Everglades restoration to 'get the water right' estimated at $7.4 billion through 2030
Everglades restoration projects will require about $7.4 billion over the next 10 years, compared with $6 billion spent through 2019, the U.S. Army Corps of Engineers said while presenting a draft of its work schedule.
The estimated cost for 2020-30 is what has been authorized for construction, and doesn't include other projects that are currently waiting for authorization, said Eva Velez, a Corps project manager who oversees the integrated delivery schedule of Everglades restoration projects. Under the schedule presented this week, the federal and state governments will need to spend about a billion dollars every year through 2026.
She said the Corps is also counting on Congress speeding up delayed projects by passing water resources and infrastructure bills every two years, as it has done since 2014.
When Everglades restoration was authorized in 2000, its goal of 68 original projects was based on the idea that Congress would approve such bills every two years, but no bills passed between 2007 and 2014, stalling some of the work.
"We are ready to go, we have big work to do with lots of investments, but in order to keep it going we also need the bills to pass so that we can keep the hopper full and keep making progress," Velez said during a presentation of the draft schedule as it stands in 2020 to federal and state agencies.
The projects include a massive reservoir approved by Congress in 2018 that's being built just south of Lake Okeechobee to clean polluted water before it reaches the Everglades.
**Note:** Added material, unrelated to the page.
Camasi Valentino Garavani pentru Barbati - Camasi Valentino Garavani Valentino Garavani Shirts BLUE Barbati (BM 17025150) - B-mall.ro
The marshlike water treatment area is also designed to reduce dirty water discharges to the St. Lucie and Caloosahatchee estuaries. In 2018, polluted water from the lake fueled slimy green algae blooms on both rivers and contributed to a red tide that littered the Gulf Coast with dead fish.
A new project still in working draft format that probably won't start until 2023 is a southern Everglades restoration plan. The main goals are to improve seepage issues from conservation areas in the area and to open up those areas, which have been compartmentalized by decades of flood control. Works to move more water to the southern Everglades will also be part of the project, Velez said.